On August 16th, 2018 an Air Simpson float-equipped plane’s wing caught in the water during the landing decent causing the plane to flip. The pilot and front passenger were able to get out of the plane, but three passengers drowned in the cabin. The plane sunk in Little Doctor Lake, outside of Fort Simpson.
The Transportation Safety Board has released a report stating the aircraft had its flaps positioned where it was blocking the rear cargo doors. The board also states the impact force was within the range of survivability and that no passengers received immobilizing injuries.
The pilot dove back into the water to attempt to assist the three passengers in the cabin but was unable to open the door as it was locked from the inside. The investigation was unable to determine the efforts made by the three passengers in the cabin to escape the cabin.

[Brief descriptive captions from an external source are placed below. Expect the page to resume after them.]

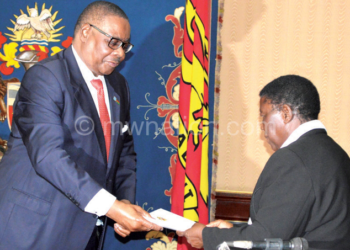 Mutharika (L) receives the report from Msosa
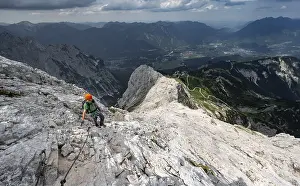 Mountaineer with helmet climbing on the rock in a secured climb
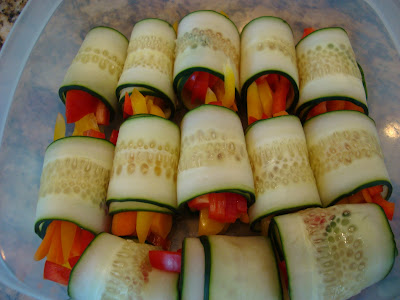 Overhead of Raw Vegan Cucumber Wraps in clear container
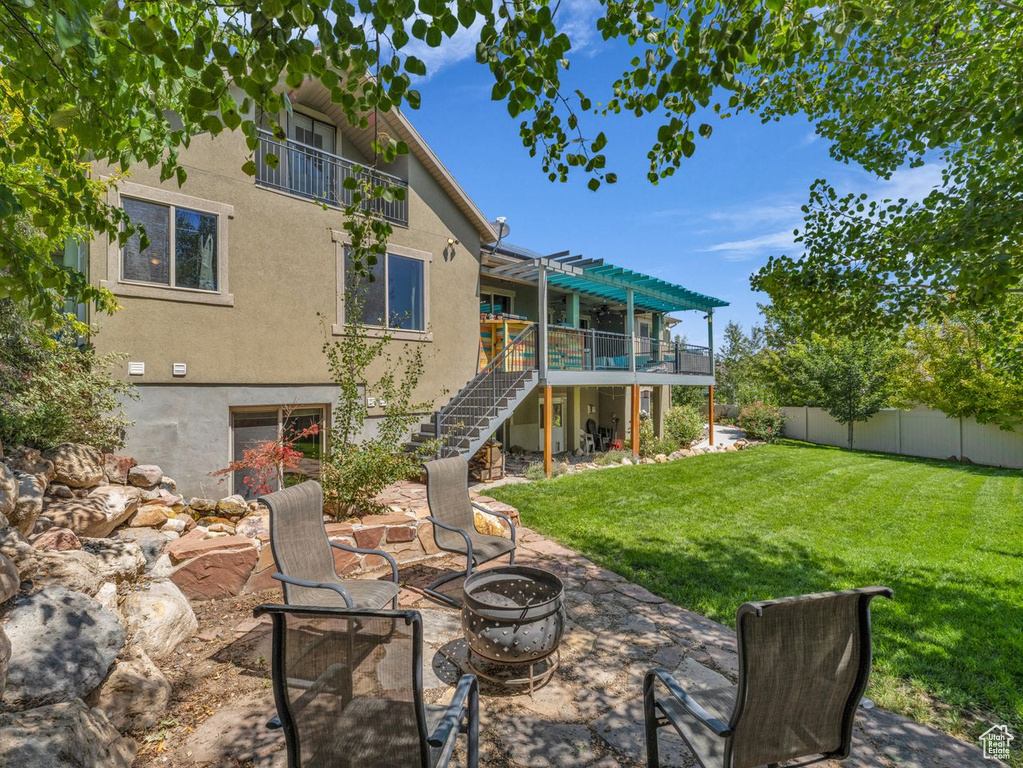 Back of property featuring stairway, an outdoor fire pit, stucco siding, a pergola, and a deck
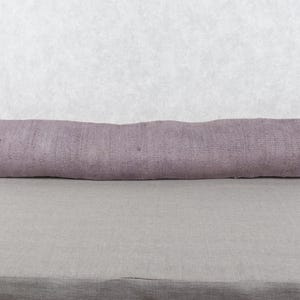 May include: A long, rectangular lavender-colored pillow. The pillow has a textured surface and is resting on a gray surface. The pillow is a decorative item, likely for a bed or sofa.
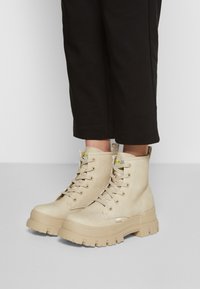 Stivaletti beige con una texture liscia, punta rotonda, suola spessa e lacci evidenti. Presentano un'etichetta con il logo sulla linguetta.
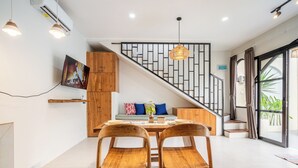Ein moderner Essbereich mit einem Holztisch und Stühlen, einer Treppe mit geometrischer Geländerkonstruktion und einem großen Fenster mit Vorhängen.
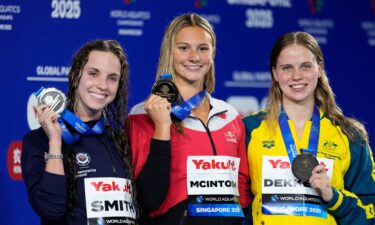 McIntosh tops the podium alongside Smith and Dekkers.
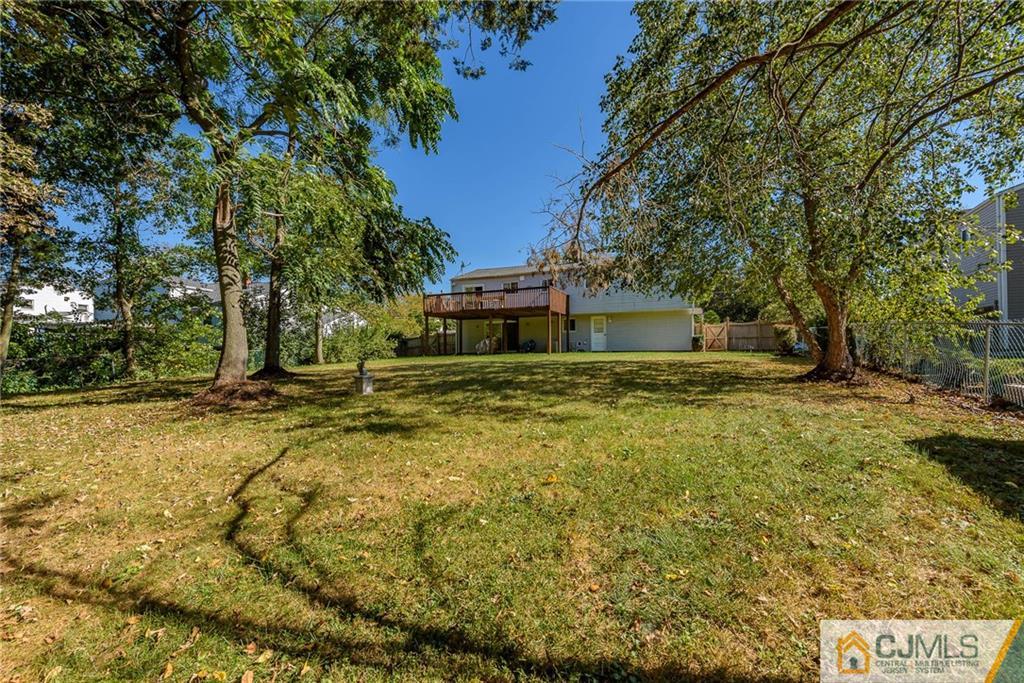 14 Gifford Road Somerset, NJ 08873 - Photo 24 of 25 a house view with swimming pool in front of it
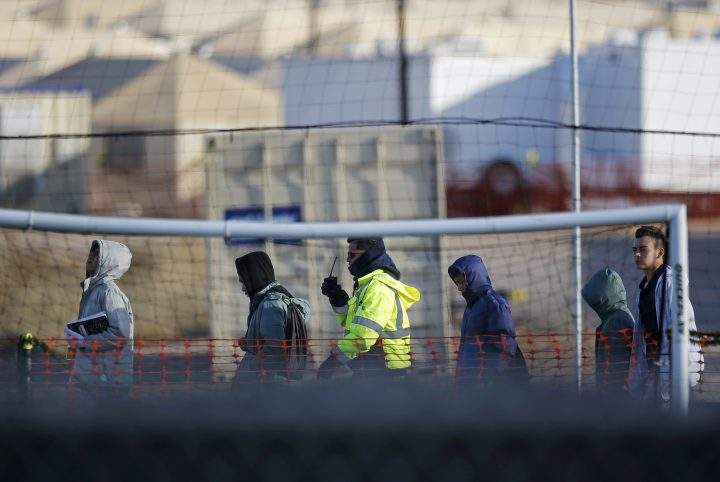 File-In this Dec. 13, 2018, file photo, teen migrants walk in line inside the Tornillo detention camp in Tornillo, Texas.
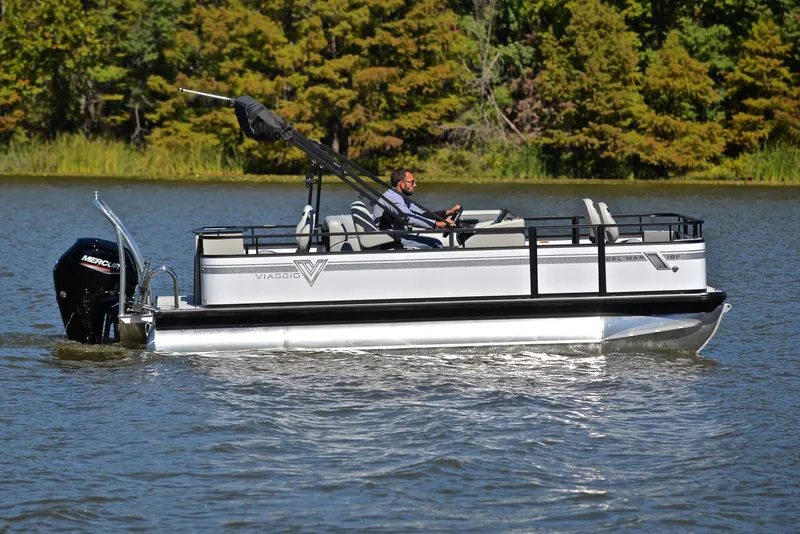Slide: The Image of 2023 Viaggio DM18F pontoon boat cruising on a lake with lush green trees in the background. - 6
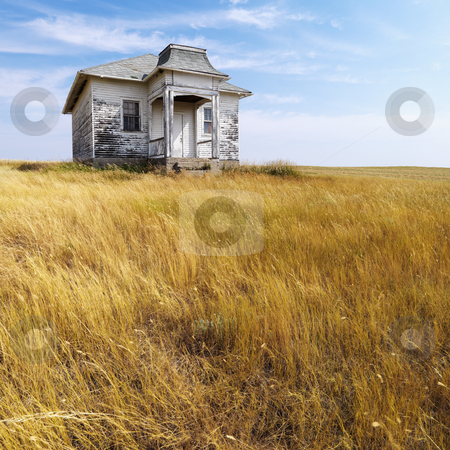 Old abandoned house. Old abandoned house. stock photo, Weathered abandoned building in remote grassland. by Iofoto Images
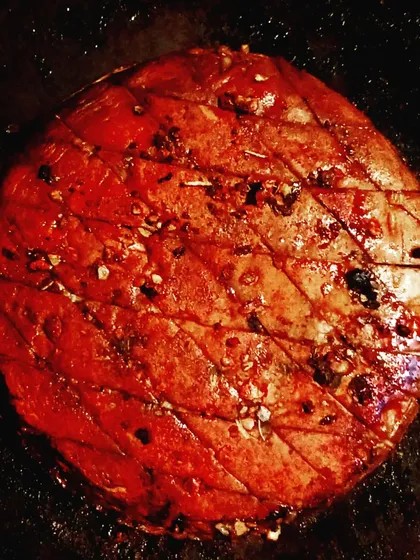 A close-up of the portobello mushroom steak before grilling. You can see the scoring on top which helps the marinade penetrate deeply and creates a beautiful texture when cooked.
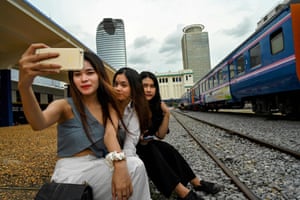 Posing for selfies next to a train.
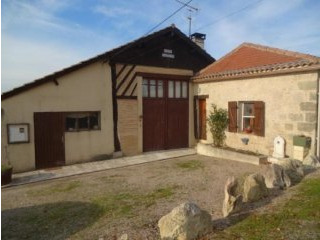 Pretty Stone And Half-Timbered House..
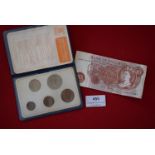 Britain’s first decimal coin set in wallet, together with a Bank of England ten shillings note.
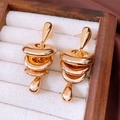 Macro shot of gold tiered circular discs and teardrop pendant earrings in a wooden box - Gold
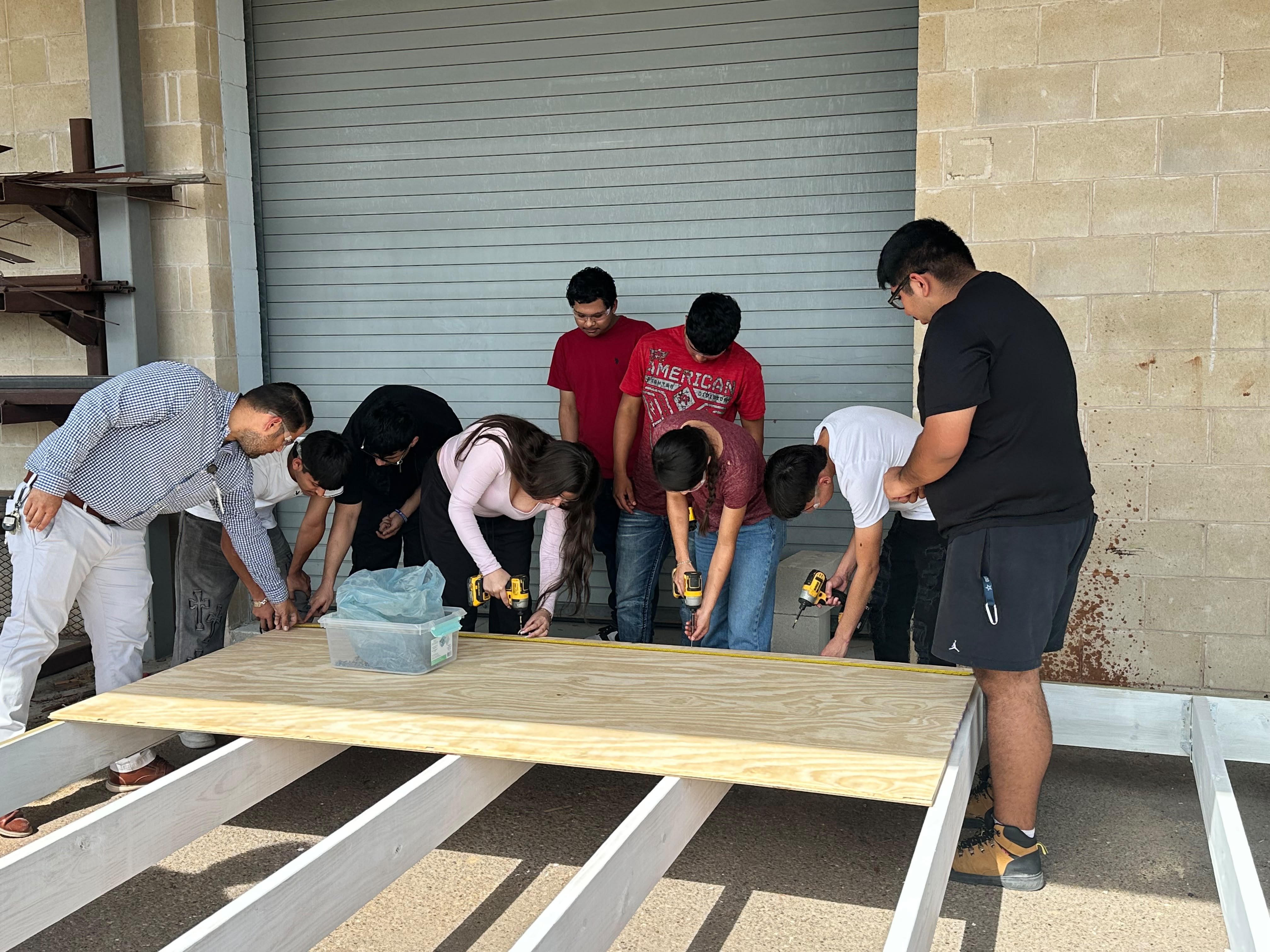 A group of people work together to build a wooden structure outside a building.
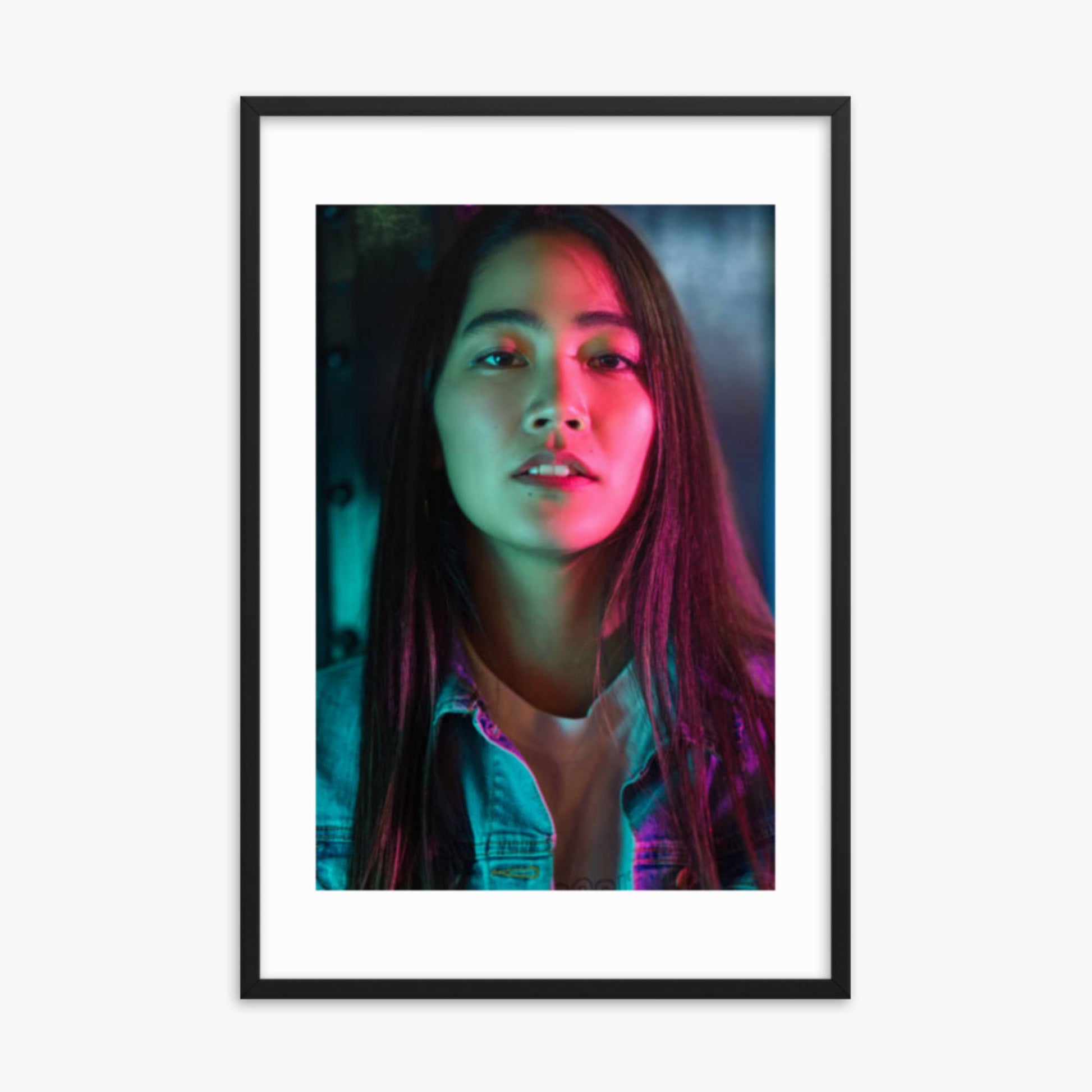 Portrait of young woman lit by colorful neon lights at night 24x36 in Poster With Black Frame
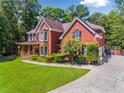 Spacious brick home featuring a lush green lawn, mature trees, and a side-entry garage at 475 Highland Gate Cir, Suwanee, GA 30024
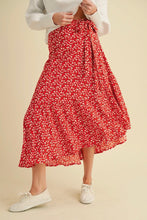 Load image into Gallery viewer, Person wearing a red floral skirt on a beige background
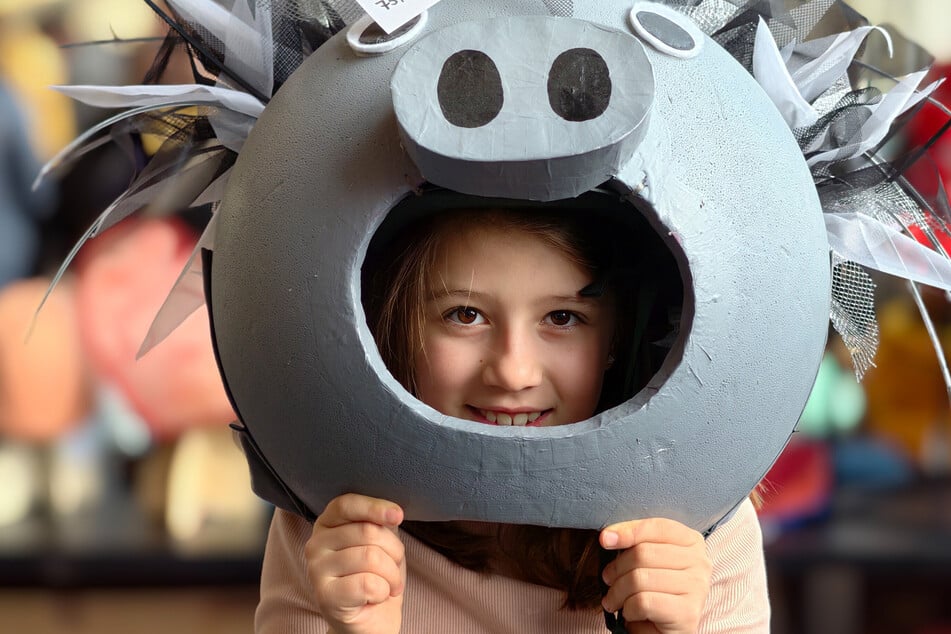 Auf der Suche nach einem Faschingskostüm setzt sich Lotte eine Maske auf.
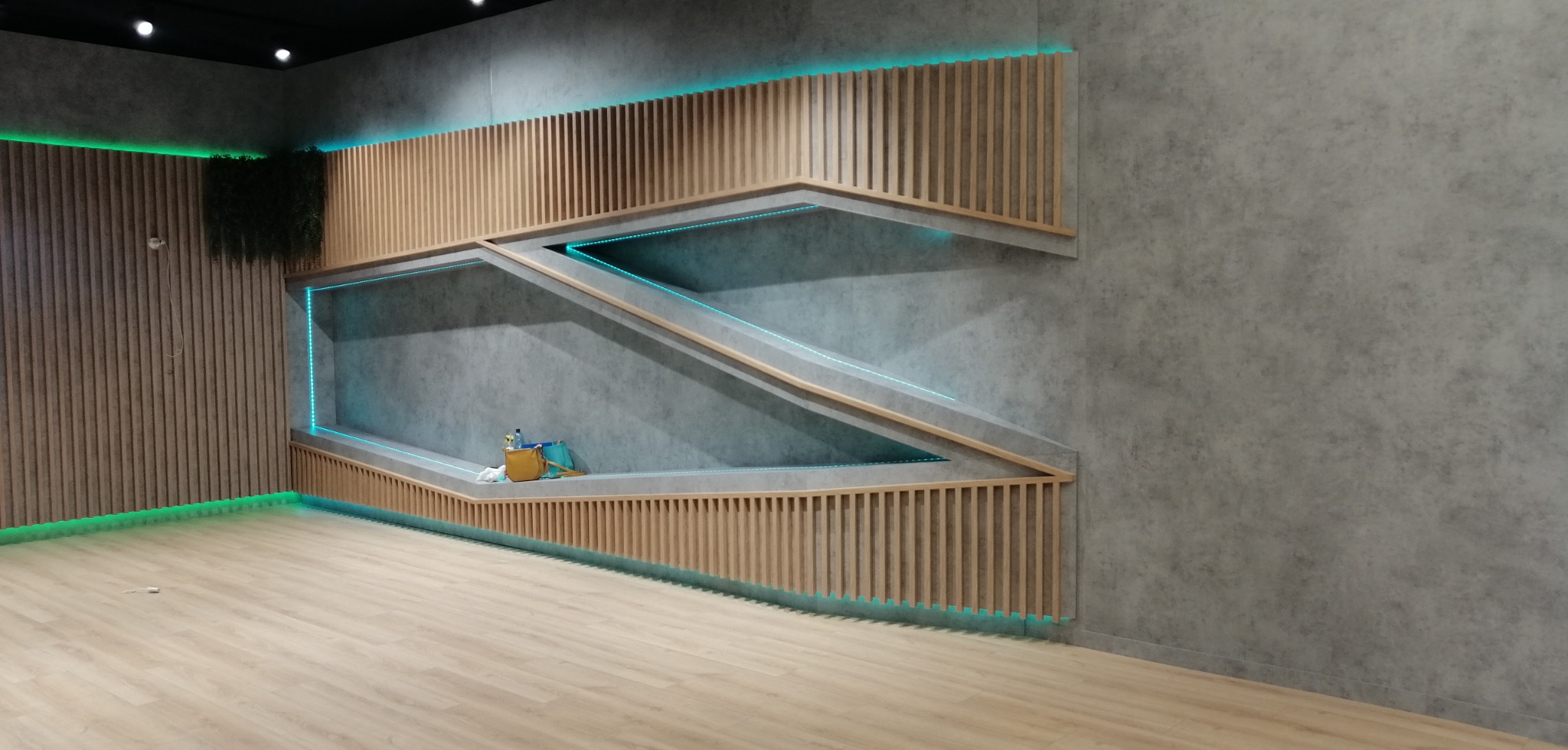 Nowoczesne wnętrze z drewnianymi lamelami i podświetlanymi półkami o nietypowym kształcie, na podłodze panele, widoczne akcesoria malarskie.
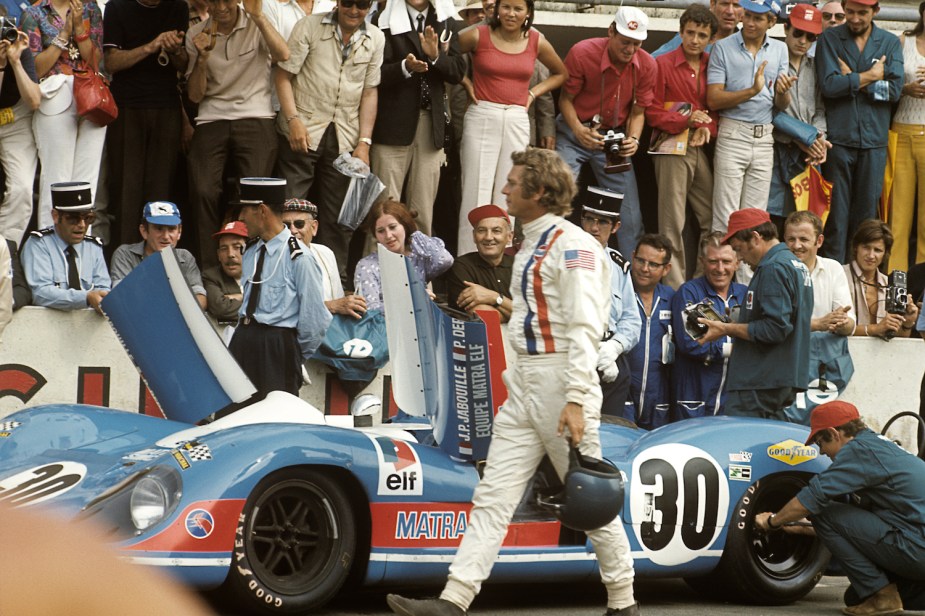 Steve McQueen getting into a Porsche 917 car during filming of 1971's Le Mans movie.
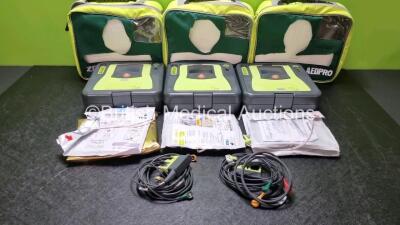 3 x Zoll AED PRO Defibrillators with 3 x Batteries, 2 x 3 Lead ECG Leads, 5 x Electrode Packs *3 x in Date 2 x Out of Date* (All Power Up) in Carry Cases *SN AA10C016880 / AA13C027919 / AA10C016908*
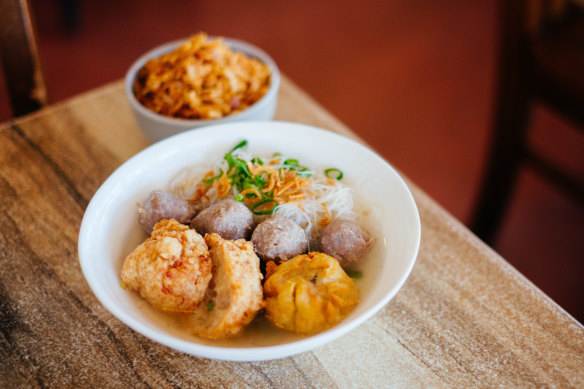 Bakso malang bihun soup, bakso beef balls with siu mai dumplings and deep fried chicken prawn balls and rice noodles.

The three passengers who died as a result of the crash were 33-year-old Geoffrey Dean, 72-year-old Jean Edelman and 72-year-old Stewart Edelman.
An examination of the plane determined the cabin door handles were placarded as required. The doors and door frames were not damaged or distorted during the accident and all doors and latches functioned normally.
The Transportation Safety Board says that there have been five accidents in the US and Canada since 1989 where the door was blocked by the extended flaps. The Transportation Safety Board notes that the investigation is still ongoing.